- Born: August 4, 1976 (age 50)
- Occupations: Writer, Filmmaker
- Writing career
- Genres: non-fiction, commentary, comic books
- Notable works: The Utopian, Parkway of Broken Dreams
- Website: www.pjperez.com

= Pj Perez =

American musician and writer (born 1976)

Pj Perez (born August 4, 1976) is an American editor, writer, musician and filmmaker, best known for his reports and commentary on Las Vegas culture in such publications as Rolling Stone. Perez was the founding managing editor of Las Vegas-based Racket Magazine.

== Writing ==

Perez made his first forays into publishing with self-published 'zines and poetry chapbooks in the early and mid-1990s while performing on the Las Vegas poetry circuit and singing in short-lived bands before beginning his freelance writing career with Las Vegas CityLife in 2000. After writing for a number of local and regional publications including Las Vegas Weekly and Las Vegas Mercury, Perez was recruited in late 2006 to launch a monthly lifestyle magazine called Racket. After Racket went on indefinite hiatus, Perez returned to freelance journalism, writing for publications such as Six Degrees and HRH magazines. He was previously the Las Vegas Fine Arts Examiner for Examiner.com.

== Comics ==

In April 2009, Perez re-launched his comic book and pop culture website, Pop! Goes the Icon, as a boutique publishing label, and began writing and illustrating a weekly webcomic, The Utopian. The Utopian was collected in a trade paperback released in 2011, and a sequel collection called The Utopian Foundation followed in 2018.

== Music ==

In the late 1990s, Perez played guitar in Morgana Athena, a Las Vegas-based gothic rock band whose single "E.S.P." was featured on Dim View of the Future, a gothic rock compilation released by a subsidiary of Triple X Records. He previously played drums and guitar in Las Vegas-based rock band As Yet Unbroken, and most recently, played bass guitar in Vegas-based indie rock band MOONBOOTS, which released a self-titled extended play record in 2016. Moonboots broke up later that year.

== Filmmaking ==

Perez first ventured into filmmaking with the 2011 48 Hour Film Project short film Sugarhook. In August 2018, he posted a teaser trailer for Parkway of Broken Dreams, a documentary film about the cultural scene that developed near the University of Nevada, Las Vegas in the early 1990s. Parkway of Broken Dreams premiered in Las Vegas on October 13, 2021. It won the Audience Award for Best Documentary at the 2021 Silver State Film Festival.
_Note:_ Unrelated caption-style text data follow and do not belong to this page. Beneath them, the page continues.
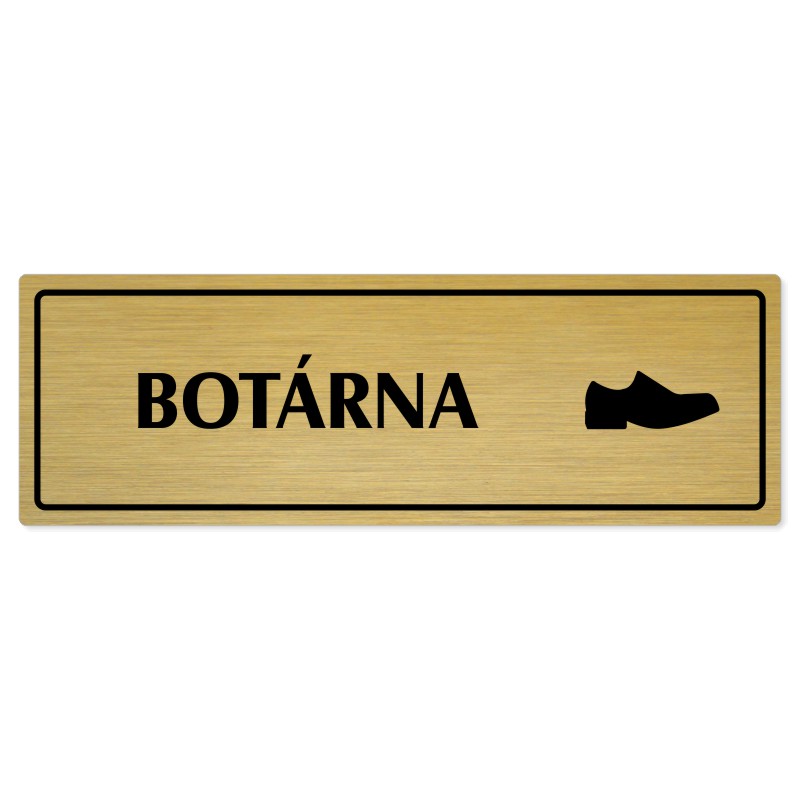 Botárna, 240x79mm, zlatá popiska s rámečkem
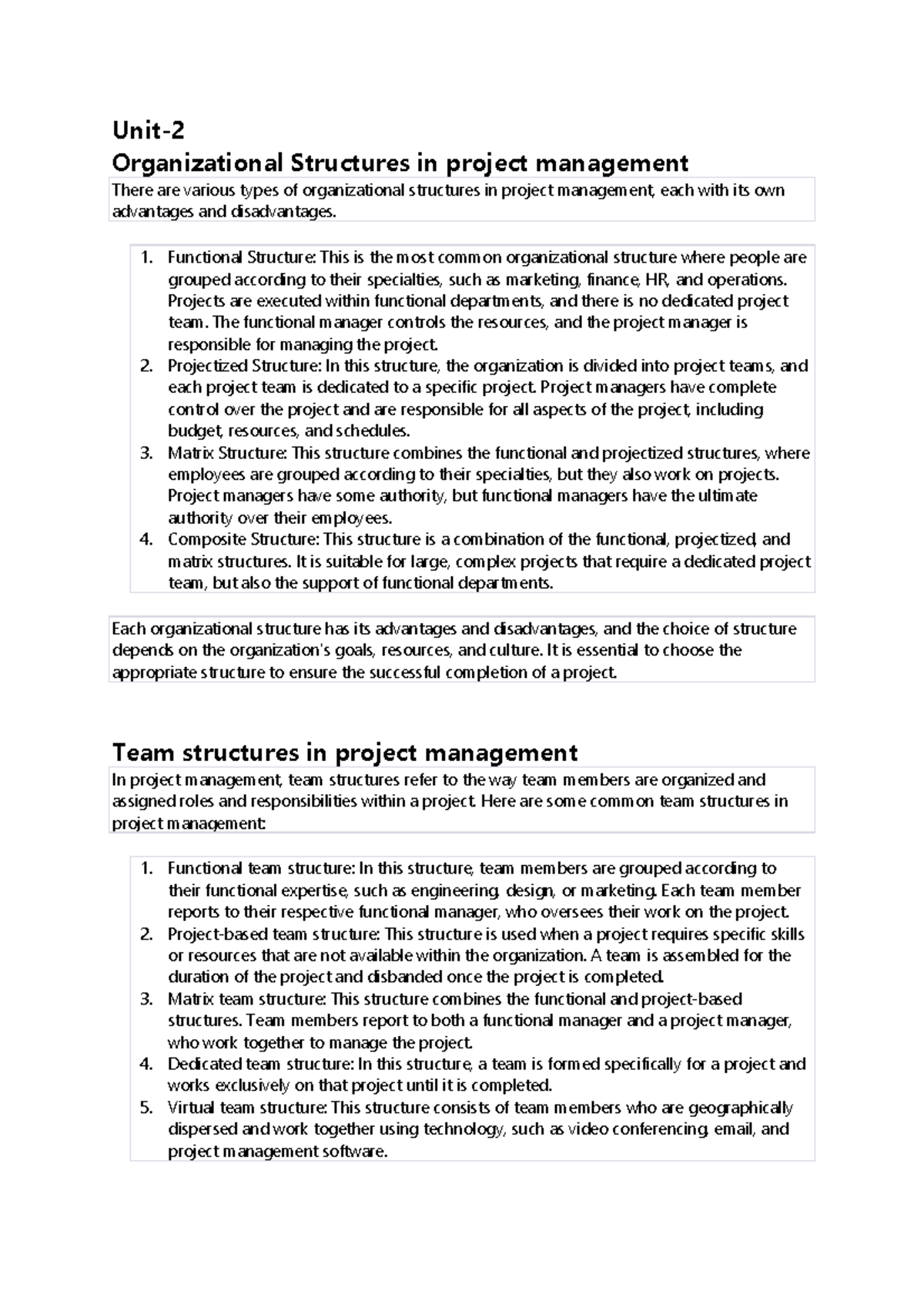 PM Notes - Organizational Structures & Team Dynamics in Project Mngmt ...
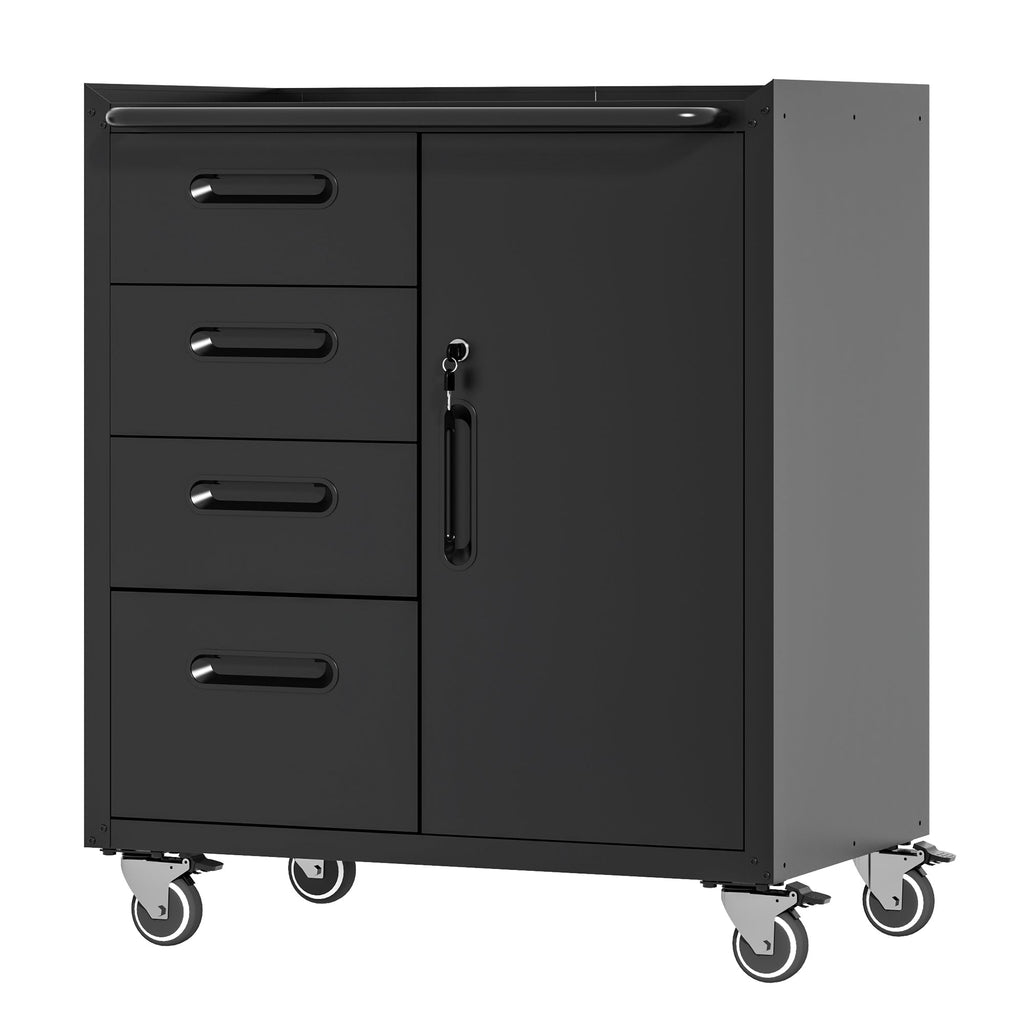 Sturdy Metal Tool Storage Cabinet with Wheels - Heavy-Duty Garage and Office Organizer, Black/Gray, Steel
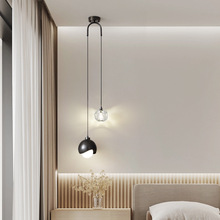 輕奢主卧吊燈北歐全銅卧室床頭吊燈現代簡約創意個性書房長線吊燈
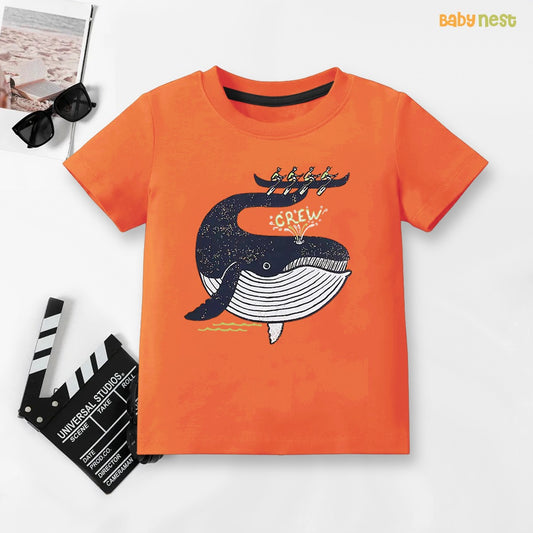 Easyclean - Water Repellent & Stain Resistant Half Sleeves T-shirt - SBT-355-D1 - Crew Whale - Orange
In 2020, Perez released a television pilot for a proposed series called Notepads & Bar Tabs, developed with screenwriter Matthew Sorvillo.
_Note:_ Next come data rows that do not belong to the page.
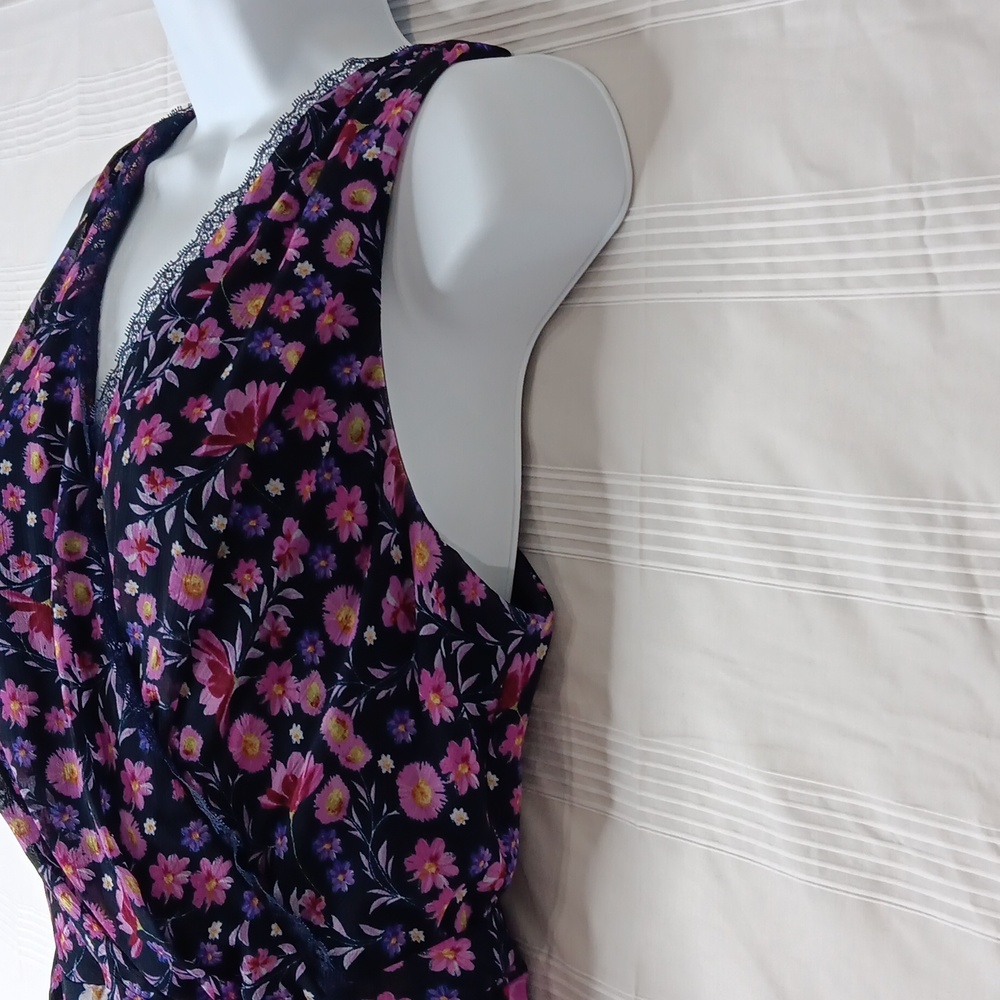 Dkny Navy Floral Sleeveless Asymmetrical Midi Dress - Picture 3 of 15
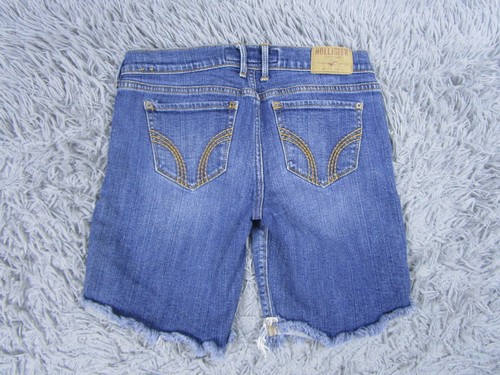 Hollister Shorts Damen 5 Stretch DIY Denim Jeans abgeschnittene Bündchen Jorts Sommer - Bild 2 von 8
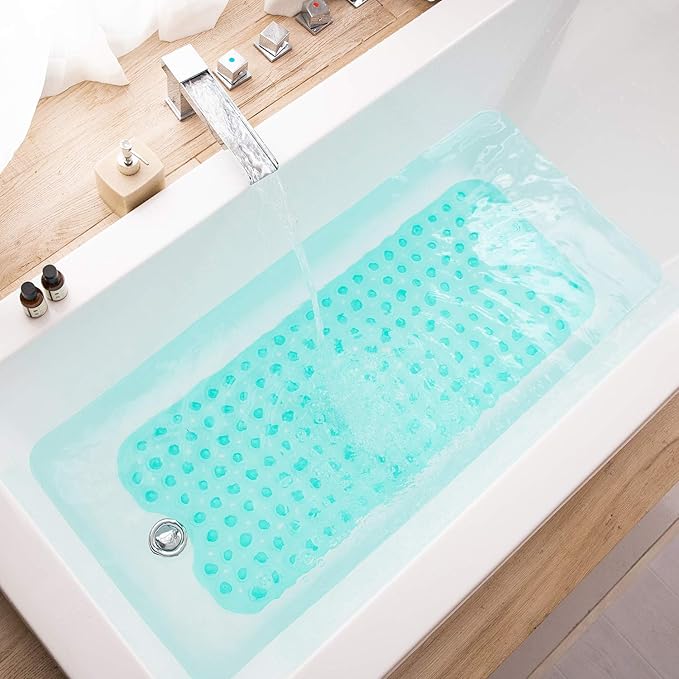 Bathtub Mats for Shower Tub, Extra Long Non-Slip 39 x 16 Inch Bath Mat with Drain Holes and Suction Cups, BathMat for Bathroom with Machine Washable (Clear Turquoise)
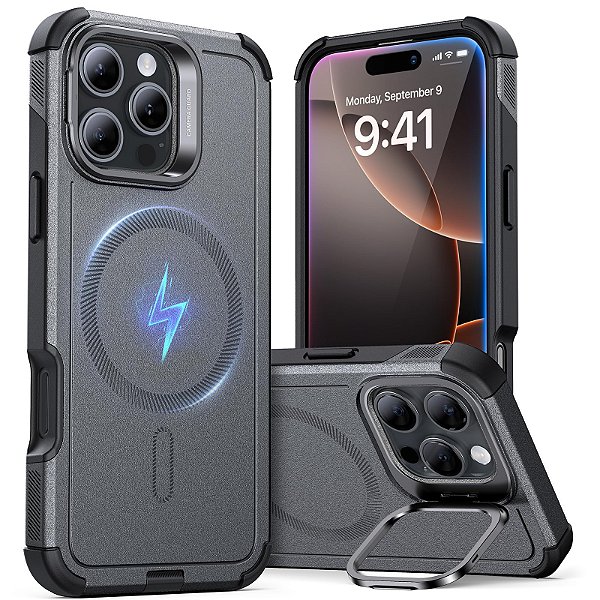 Capa Para iPhone 16 Pro Max ESR Cyber MagSafe Suporte -Cinza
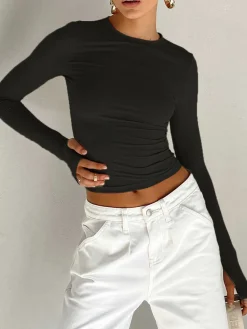 Outlet Utility Long Sleeve Crop Top Sweater Tops|Crop Tops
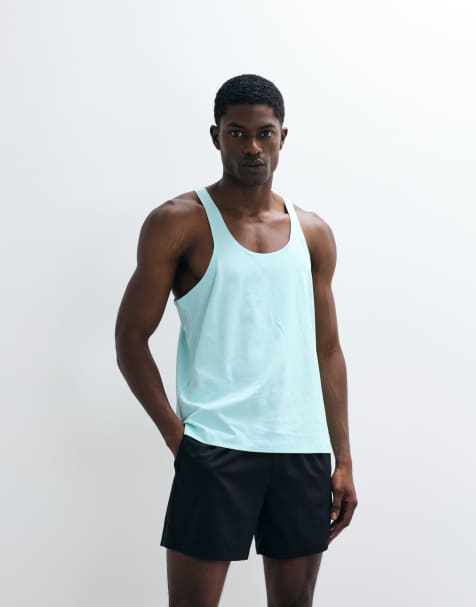 4505 Icon cotton stringer vest with quick dry finish in mint - view 1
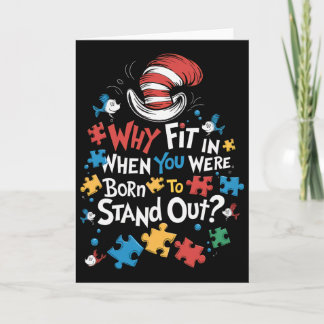 Why Fit In Doctor Teacher Cat In Hat Cool Autism A Karte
Perez is currently in production on a documentary film about the 1998 murders of anti-racist skinheads Lin Newborn and Daniel Shersty tentatively titled Murdered on the Fourth of July. A crowdfunding campaign to support production of the film was launched in October 2023, raising $11,100 from 92 backers.

== Education ==

Perez graduated from the University of Nevada, Las Vegas with a dual bachelor's degree in journalism and sociology. While at UNLV, he temporarily served as editor in chief of The Rebel Yell, the campus' award-winning newspaper.